# [The data]
◆ ◆ ◆ ◆ ◆ ◆ ◆

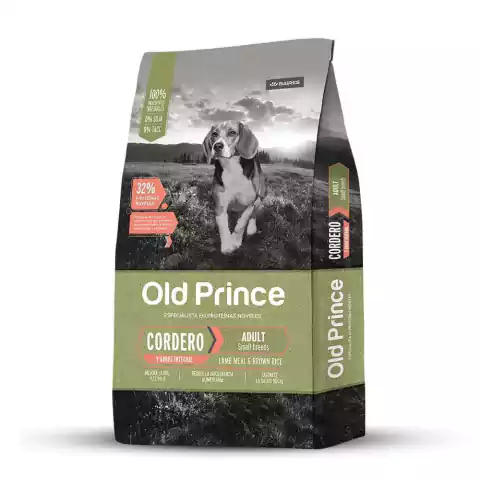 OLD PRINCE NOVEL DOG ADULTO SMALL ( CORDERO ) 15KG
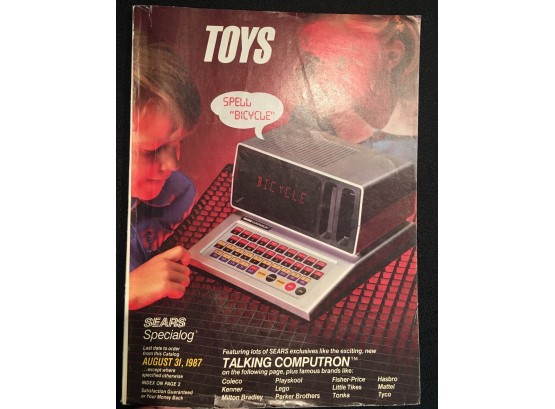 Sears Special Toys Catalog 1987
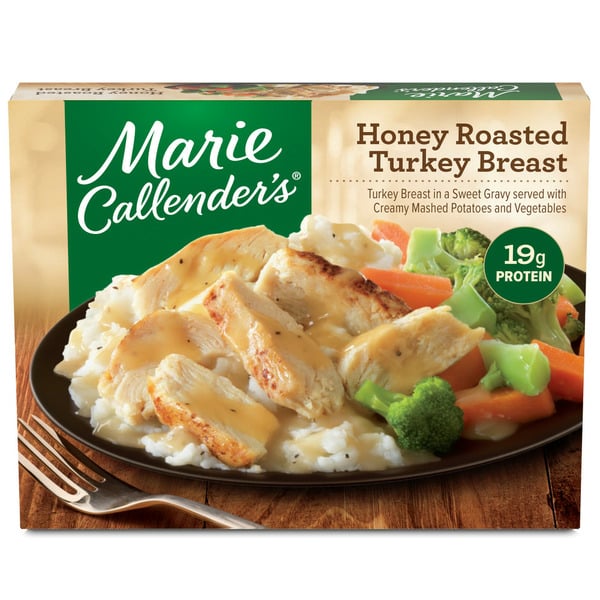 Frozen Meals Marie Callender's Honey Roasted Turkey Breast Frozen Meal hero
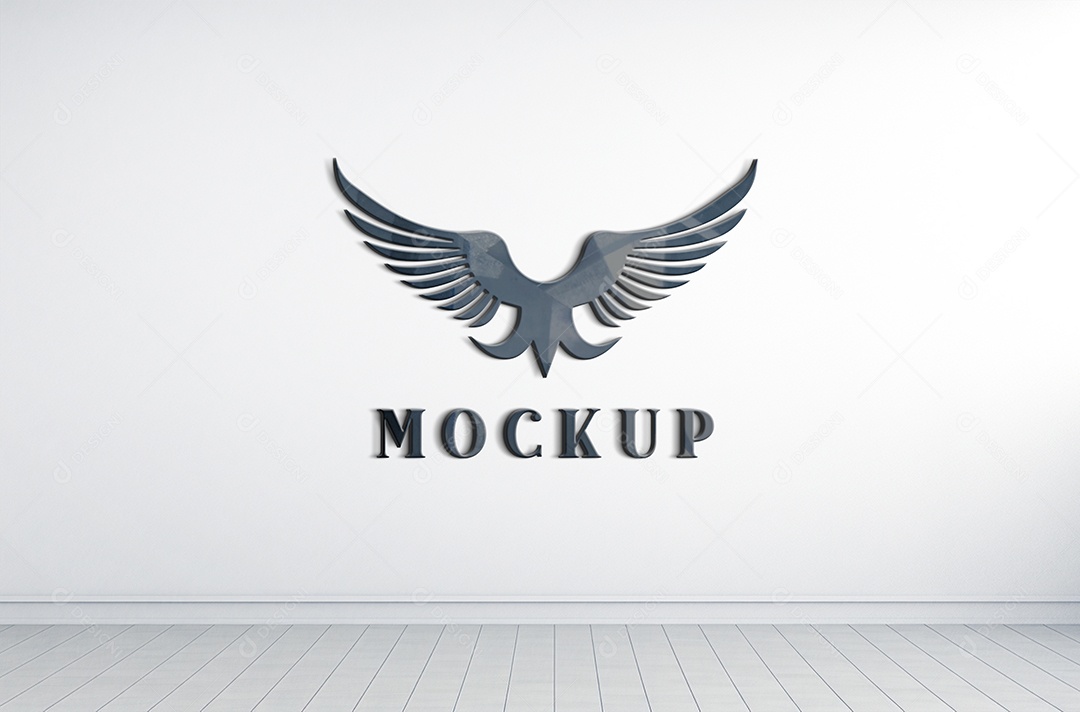 Mockup Logo de Empresa PSD Editável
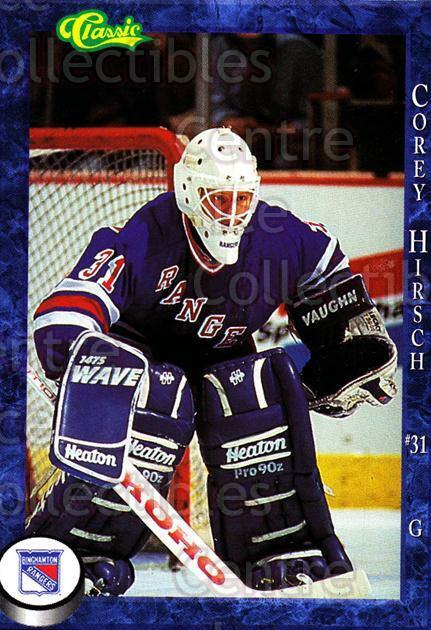 1994-95 Binghamton Rangers #6 Corey Hirsch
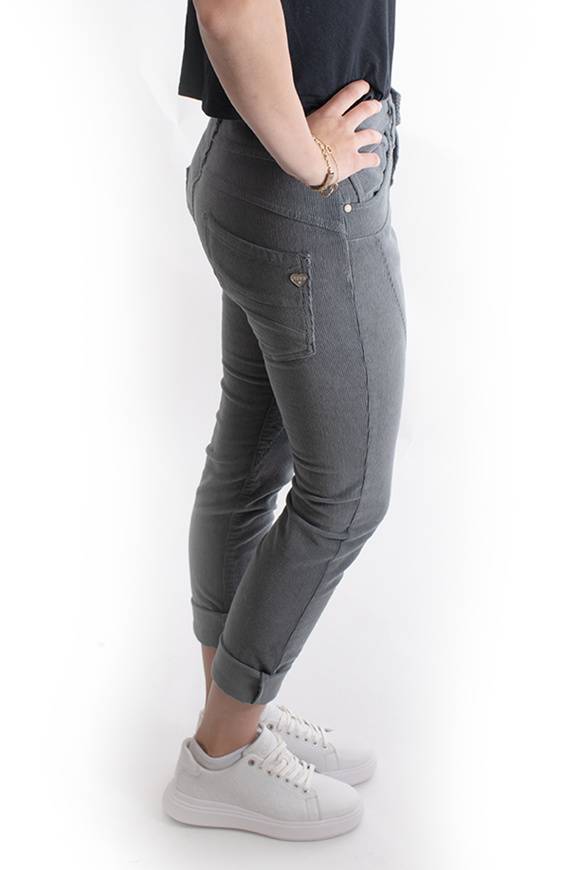 Please Jeans PLEASE CORD PANTALONI P78 - GARGOYLE Vendita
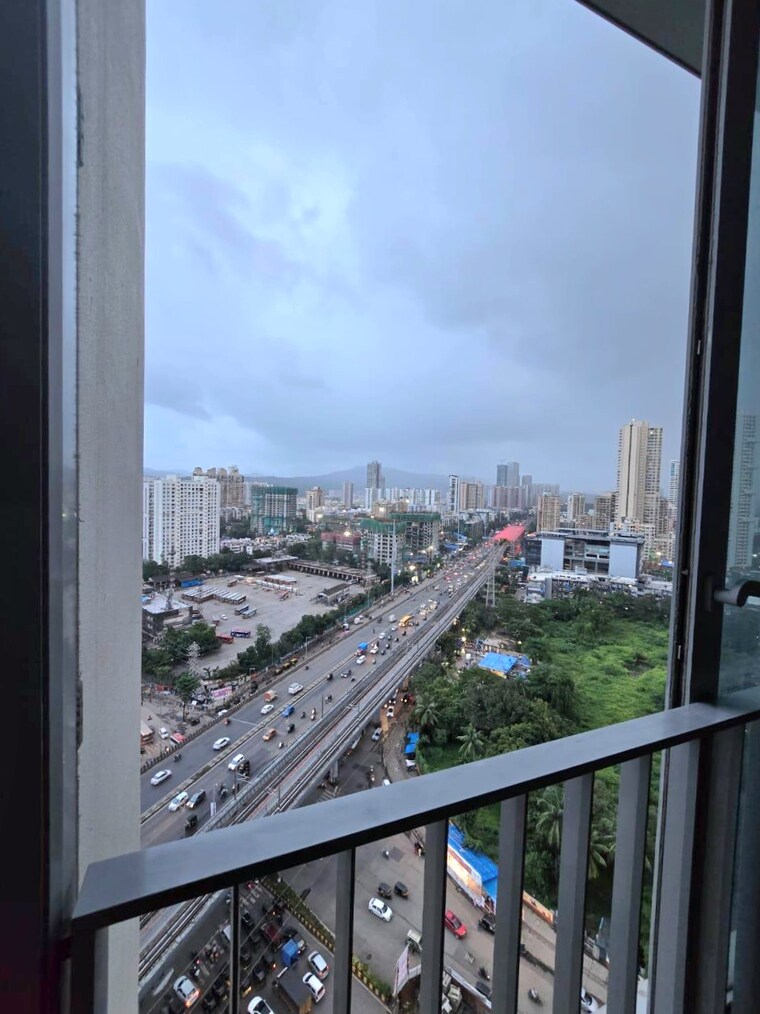 Balcony, oberoi-sky-city 3 Bedroom 1073 Sq.Ft. Apartment In Borivali East Mumbai 8826286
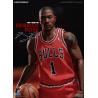 NBA Collection Figura Real Masterpiece 1/6 Derrick Rose Limited Retro Edition 30 cm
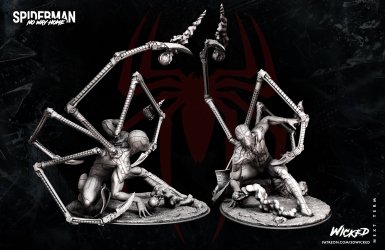 032822 Wicked - Spiderman Sculpture 01.jpg 032822 Wicked - Spiderman Sculpture 01.jpg
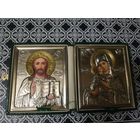 Складень. Куплен в Жировицах в церковной лавке,освящен,в 90-х годах.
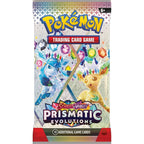 Pokémon Prismatic Evolutions Booster Pakke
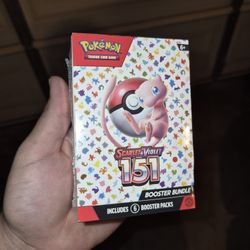 151 Booster Bundle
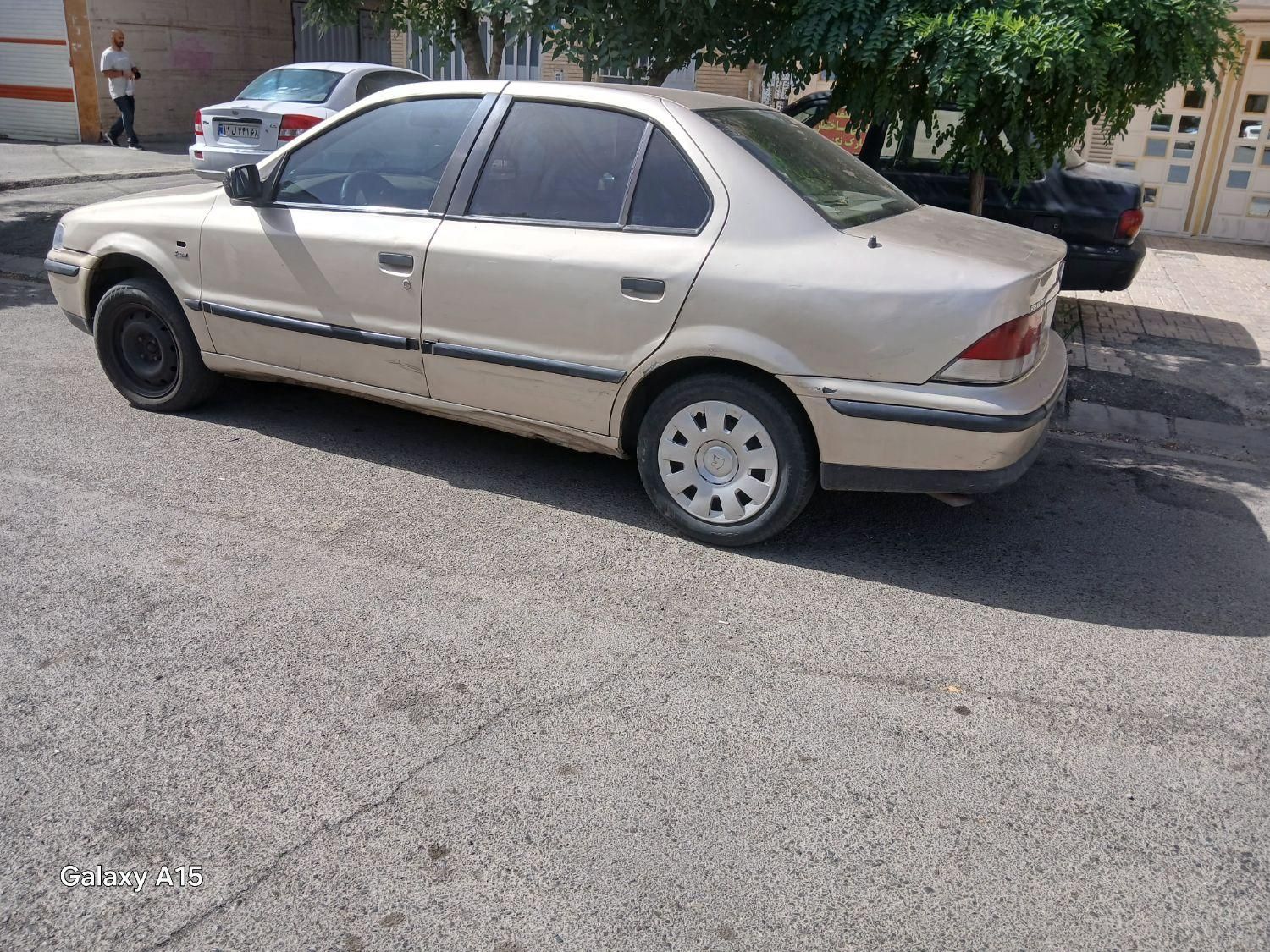 سمند X7 بنزینی - 1386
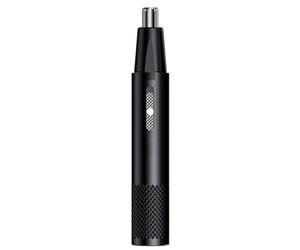 Aundhegrtt Rasoir Électrique Rotatif à Double Lame 360° pour : Coupe Indolore et Sûre des Oreilles, Du Nez et des Sourcils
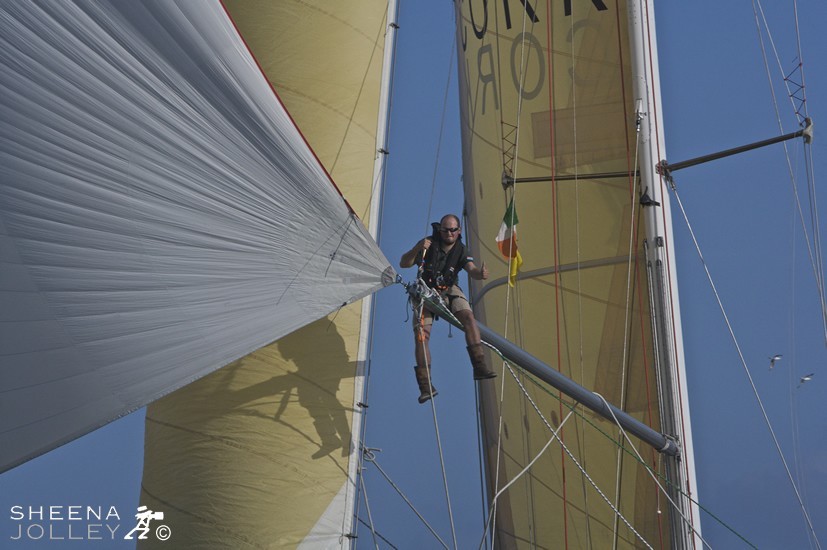 Taken during the Round the world Clipper visit to Kinsale - July 2010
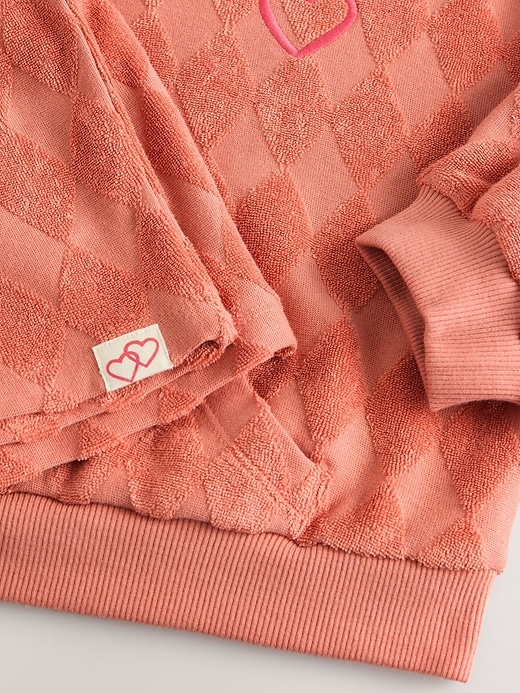 Image number 6 showing, NEXT Toddler Textured Towel Terry Short Set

◆ ◆ ◆ ◆ ◆ ◆ ◆

# [To do]
Start with the line above containing "Balcony, oberoi-sky-city 3" and end with the line containing "151 Booster Bundle". Set down that stretch exactly, without any pictures.

# [Solution to this task]
 Balcony, oberoi-sky-city 3 Bedroom 1073 Sq.Ft. Apartment In Borivali East Mumbai 8826286
 NBA Collection Figura Real Masterpiece 1/6 Derrick Rose Limited Retro Edition 30 cm
 032822 Wicked - Spiderman Sculpture 01.jpg 032822 Wicked - Spiderman Sculpture 01.jpg
 Складень. Куплен в Жировицах в церковной лавке,освящен,в 90-х годах.
 Pokémon Prismatic Evolutions Booster Pakke
 151 Booster Bundle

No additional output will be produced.